Kenya has neither enacted any piece of legislation specifically
touching on personal data protection nor ratified any convention on the
same. We have the Kenya Information and Communication Act, 1998 which
glosses over the aspect of personal data protection. This Act having
been passed in 1998 before the 2010 Constitution does not reflect the
aspirations of ‘Wanjiku’ which are encompassed in Article 31 of the
Constitution. We equally have the recently passed Computer Misuse and
Cybercrimes Act, 2018 (whose legislative intent was to nip in the bud
bloggers and other ‘keyboard activists’ but this is a discussion for
another forum)which is more of a penal law aimed at punishing
Cybercrimes than it is a substantive law addressing inter alia Personal
Data Protection.
All is not lost however and this may
well be Kenya’s watershed moment in personal data protection. First, the
African Union (AU) which Kenya is a state party recently adopted the
African Union Convention on Cyber Security and Personal Data Protection.

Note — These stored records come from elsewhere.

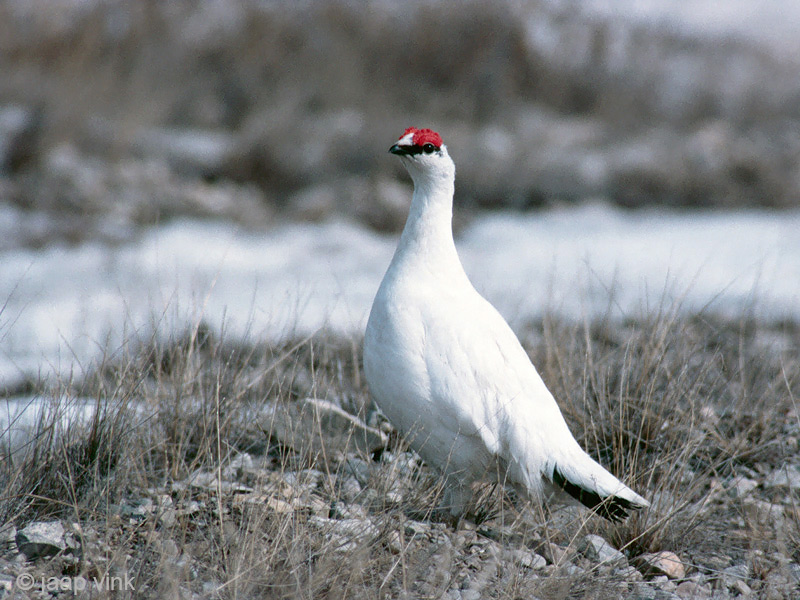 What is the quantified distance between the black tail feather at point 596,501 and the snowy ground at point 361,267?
2.10 meters

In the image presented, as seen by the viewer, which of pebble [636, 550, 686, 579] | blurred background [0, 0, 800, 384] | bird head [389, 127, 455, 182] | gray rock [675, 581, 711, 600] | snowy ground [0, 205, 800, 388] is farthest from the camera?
blurred background [0, 0, 800, 384]

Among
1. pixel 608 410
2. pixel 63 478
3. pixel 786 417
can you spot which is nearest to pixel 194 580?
pixel 63 478

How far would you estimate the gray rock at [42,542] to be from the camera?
219 centimetres

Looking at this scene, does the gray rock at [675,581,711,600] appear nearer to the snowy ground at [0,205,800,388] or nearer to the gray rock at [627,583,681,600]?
the gray rock at [627,583,681,600]

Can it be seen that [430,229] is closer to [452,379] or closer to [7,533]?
[452,379]

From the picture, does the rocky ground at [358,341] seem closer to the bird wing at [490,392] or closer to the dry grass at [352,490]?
the dry grass at [352,490]

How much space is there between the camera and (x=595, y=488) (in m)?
2.57

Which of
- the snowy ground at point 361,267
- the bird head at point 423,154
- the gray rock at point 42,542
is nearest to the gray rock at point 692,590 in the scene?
the bird head at point 423,154

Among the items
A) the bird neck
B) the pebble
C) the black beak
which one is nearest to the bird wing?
the bird neck

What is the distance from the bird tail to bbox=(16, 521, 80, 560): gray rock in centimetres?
149

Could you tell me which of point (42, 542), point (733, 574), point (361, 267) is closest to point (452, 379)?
point (733, 574)

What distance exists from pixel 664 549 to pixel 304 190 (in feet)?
27.7

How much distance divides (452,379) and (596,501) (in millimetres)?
611

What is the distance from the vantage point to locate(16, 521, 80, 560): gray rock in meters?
2.19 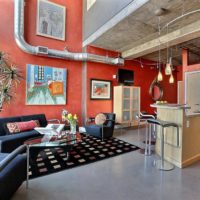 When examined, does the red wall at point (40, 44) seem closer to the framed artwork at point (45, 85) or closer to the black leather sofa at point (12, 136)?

The AU adopted the convention in the Twenty third Ordinary Session of
the Assembly, held in Malabo, Equatorial Guinea, 27th June 2014.
Kenya
being a partially Monist and Dualist state is required to either ratify
the convention or pass a domesticating statute for it to be binding
Law. This is in accord with Article 2(5) and (6) of our Constitution.
Some of the salient features of the Convention are the principles of
data protection, the rights of a data subject and the corresponding
duties of a data controller. It provides for five key principles which
form the basis for the rights and duties.
In common
parlance these principles are: Processing of personal data shall be done
with the consent of the data subject; collection, processing, storage
and transmission of personal data shall be done in a lawful and
non-fraudulent manner; personal data shall be collected for a specific
purpose and shall not be stored for longer than is necessary; data
collected must be accurate and up to date; transparency in disclosure of
personal data held by a data controller; and confidentiality and
security of personal data processing.
Some of the
noteworthy duties of an organisation collecting personal data are;
ensuring that the processing of personal data shall be confidential and
that the data controller must put in place appropriate measures to
ensure the security of personal data. We are yet to ratify the
convention hence it still does not form part of our laws but if the
current legislative mood on data protection is anything to go by, then
it may not be long before we domesticate it.
Secondly
the Data Protection Bill, 2018 is currently going through the
legislative process before the Senate having been sponsored by Baringo
Senator and Chairperson of the Committee on Information, Communication
and Technology, Gideon Moi. The Bill’s maturity date was 30 May 2018 and
it is awaiting presentation before Senate for its first reading. It has
nine principles which are hook, line and sinker similar to those of the
AU treaty above. These principles govern how personal data shall be
utilised.
All principles bespeak of the need to protect
one’s personal information from misuse. Some of the salient principles
are the requirement to obtain consent from the data subject before
collecting personal data; collecting data in a manner that does not
intrude on the privacy of the subject; organisations shall also not keep
personal information for longer than is necessary; unfettered access by
the data subject of the information held by an organisation.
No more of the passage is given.